La izquierda española -no sé si en otros países serán tan hipócritas- tiende a presentarse como defensora de la más estricta rectitud ética y moral. Laicas, por supuesto.
Según ellos, nunca cometerán latrocinio:
según unos, porque podrán meter la pata, pero nunca la mano; según otros,
porque son incapaces genéticamente de cometer acto alguno que contravenga el
Código penal (aunque sea el que han fabricado ellos mismos y, por lo tanto, sea
mucho más laxo que, por ejemplo, el redactado en tiempos de la oprobiosa dictadura).
Según ellos, el acceso al servicio público se producirá exclusivamente por el
principio de mérito, sin que en ningún caso quepa la simonía o el nepotismo
(que sus amigos y familiares resulten ser siempre los más cualificados es una
pura casualidad).
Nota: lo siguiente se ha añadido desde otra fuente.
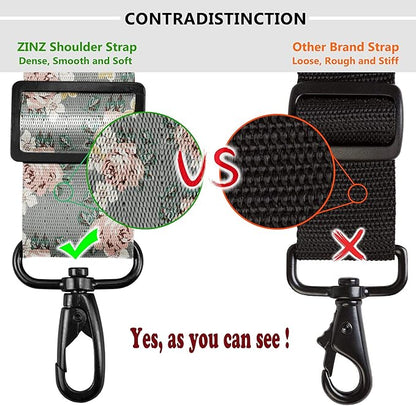 Shoulder Strap, ZINZ 57" Padded Adjustable Shoulder Bag Straps Replacement for Bags with D-Ring (DR02O01)
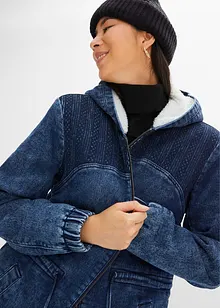 Parka in jeans con fodera effetto peluche, bonprix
Según ellos, ni por equivocación visitarán una casa de
lenocinio ni tendrán contacto próximo ni remoto con mujeres de moral nada
dudosa pero presuntamente laxa, y además se dedicarán denodadamente en acabar
con esa lacra.
Y luego saldrá un regidor municipal de la banda de la mano y el capullo que desmontará, en sies palabras seis, su tesis: En Noblejas, más putas que tejas.